Click to See Complete Forum and Search --> : UTF-8 - how do I implement this?
Rodders
01-19-2006, 07:14 AM
Hi
I am working on a website http://www.total-image-nation.co.uk/new/ and have noticed that wherever I want a '£' to appear I get a '?' instead. There are other characters that do the same.
I have been informed that I need to use UTF-8 entities in order to get this to work correctly. (see thread (http://www.webdeveloper.com/forum/showpost.php?p=477268&postcount=12))
This webpage seems to show me the correct entities for each character i need.....UTF-8 entities (http://webdesign.maratz.com/lab/utf_table/)
My query is how do I implement this?
Much of the text on the site is stored in a MySQL database which is part of the bespoke CMS that I created. The website administrator can modify this text as and when desired. It isn't going to be sensible to have them type in the entities where they want them, so I need some automated solution.
Should I modify the text before it is saved in the database table? Should I modify the text as and when it is picked out of the table? Is there a cleaner way to get these working?
I am using PHP to generate the HTML for each page.
Many Thanks
Charles
01-19-2006, 09:17 AM
Just use HTML 4.01 Strict and the entity "£".
See http://www.w3.org/TR/html4/sgml/entities.html .
Rodders
01-19-2006, 02:52 PM
Thanks.
I would but I have made the site XHTML in order to get the desired layout and stylesheet behaviour. I assume it is possible to achieve within XHTML.
Also, the person who will maintain the webpages is going to have to remember to use the correct entity code......now that doesn't sound very appealing! I can't understand why a '£' character in the page source doesn't display correctly. I mean.....why do the alphanumeric characters work but not that?
Thanks for the pointer though, I'll get reading and see if I can find anything which will work for my situation.
Charles
01-19-2006, 03:01 PM
1) As far as the payout of your page is concerned, XHTML has absolutely no advantage whatsoever. There are a lot of myths out there concerning XHTML, mostly people have confused it with HTML 4.01 Strict. HTML 4.01 Strict will greatly help your layout.
2) The person maintaining the webpage is just going to have to grow up and learn on more entity.
3) latin based systems are based on the old ASCII. With 7 bits you can only address 127 characters but that takes care of everything on a common keyboard. With 8 bits you get 255 but there are different systems that use those numbers differently. UTF-8 is the same as ASCII for the first seven bits but when the seventh is set it goes into a different mode where the first byte establishes just how many bytes the character is going to take. Thus they can address any number of characters and include everything.

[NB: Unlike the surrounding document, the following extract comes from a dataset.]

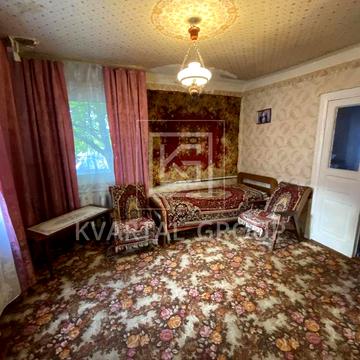 Будинок в центрі с.Дмитрівка. 17 соток.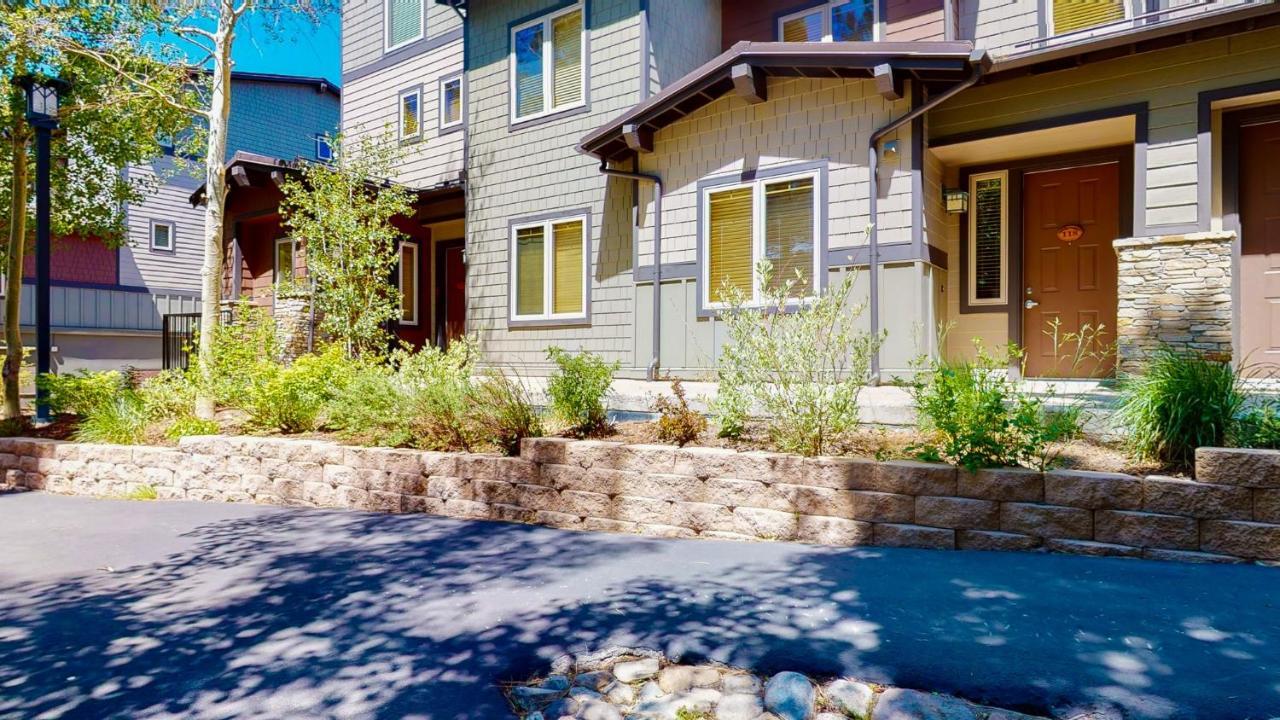 Mammoth Green 118 Located On Sierra Star Golf Course, Private Patio, Summer Pool Condo Маммот Лейкс Экстерьер фото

Support for UTF-8 is limited by the editor, the browser and the fonts installed.
Rodders
01-19-2006, 03:41 PM
1) OK. I didn't design the layout entirely by myself, i asked for some guidance on how to achieve my desired layout and someone in the CSS forum pointed me towards a site which had some example layouts. I altered those to suit my needs, but for some reason it wouldn't look right unless I specified XHTML. So, if it's true that HTML 4.01 Strict will greatly help my layout then I'd be happy to hear how.
2) The person maintaining the webpage will cope. It just seems silly to me that alphanumerics work how you'd want them to, but other characters don't. It's not very intuitive if you have to type &615372 to get a pound (UK money) sign. I was hoping there would be a solution, or that I could create a workaround using PHP and a search/replace function.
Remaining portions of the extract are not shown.